Neues Heizungsgesetz: Entwurf erlaubt fossile Brennstoffe bis 2045 und sorgt für Kritik
Wichtige Fakten
- • Neuer Gesetzentwurf erlaubt Öl- und Gasheizungen auch nach 2045.
- • Mindestquote für Biokraftstoffe: 10% ab 2029, 60% ab 2040.
- • Klimaziele bis 2045 laut Experten mit Entwurf schwer erreichbar.
- • Grüne und AfD kritisieren die Biokraftstoff-Quote und Klimaschutzlockerungen.
Entwurf des Gebäudemodernisierungsgesetzes vorgelegt
Das Bundeswirtschaftsministerium hat einen 166-seitigen Entwurf für das Gebäudemodernisierungsgesetz vorgelegt, der auch als neues Heizungsgesetz bekannt ist. Laut ARD-Hauptstadtstudio soll das Gesetz „technologieoffener, flexibler, praxistauglicher und einfacher“ werden. Überraschend erlaubt der Entwurf den Einbau von Gas- und Ölheizungen auch über das Jahr 2045 hinaus, also über den Zeitpunkt der angestrebten Klimaneutralität.

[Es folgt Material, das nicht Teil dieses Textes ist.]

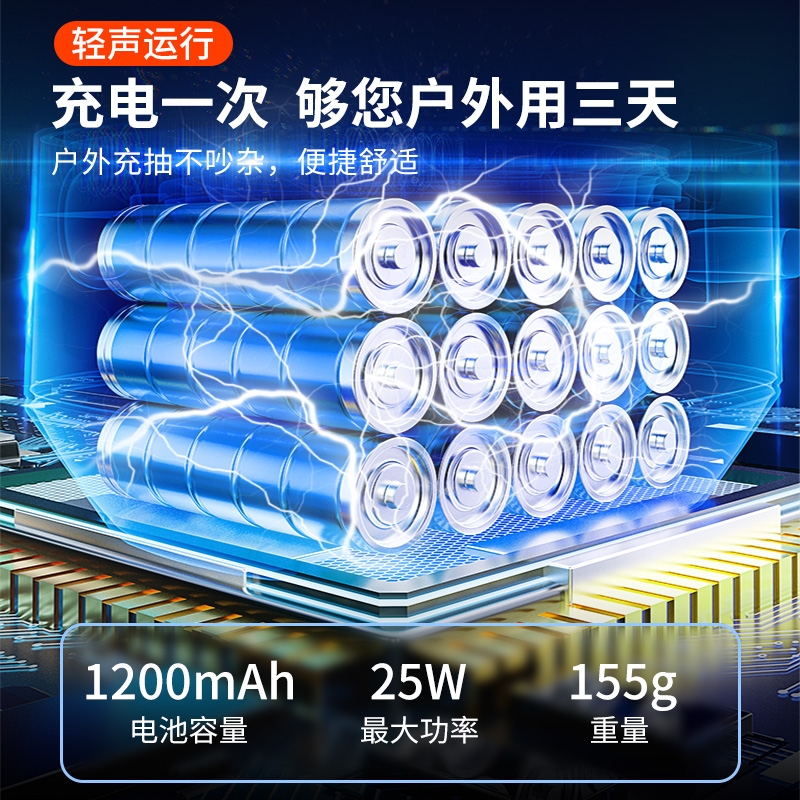 户外充气神器大揭秘：如何轻松搞定你的充气床垫、游泳池、瑜伽球和游泳圈？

Biotreppe und neue Vorgaben
Eine zentrale Neuerung ist die sogenannte Biotreppe: Ab 2029 soll eine Mindestquote von zehn Prozent nachhaltigem Grüngas oder Grünheizöl eingeführt werden, die bis 2040 auf 60 Prozent steigt. Allerdings betont der Entwurf, dass die Klimaschutzziele weiterhin gelten, auch wenn Experte die Erreichbarkeit dieser Ziele anzweifeln. Claudia Kemfert vom DIW Berlin kritisiert, die Leitplanken für erneuerbare Wärme würden aufgeweicht, was die Klimaziele im Gebäudesektor deutlich schwerer erreichbar mache.
Scharfe Kritik von Politik und Experten
Die stellvertretende Grünen-Fraktionsvorsitzende Julia Verlinden wirft Einrichtungsministerin Katherina Reiche (Spanien) vor, mit dem Gesetz Deekste in die Abhängigkeit von Öl und zu Gas treiben. Die AfD fordert eine ersatzlose Streichung und verwirft die „Biotreppe“. Der Umweltminister Carsten Schneider (SPD) äußert sich noch nicht. Das Wirtschaftsministerium räumt ein, dass das Gesetz nicht ausgereift ist: Für die Zeit ab 2045 seien noch Voraussetzungen nötig. Eine Evaluierung 2030 ist vorgesehen.
Fehlt die Zukunftslösung?
Die kden großen Frage der Klimaneutralität bis 2040 wird fast vermieden. Denn der Entwurf erlaubt ab 2040 einen Betrieb neuer Ölstaaindmösungen mit 60 Prozent Nachhalt, lässt alldoch 40 Prozent Mineralölligkeitsanteil zu, bezogen klimaneutral.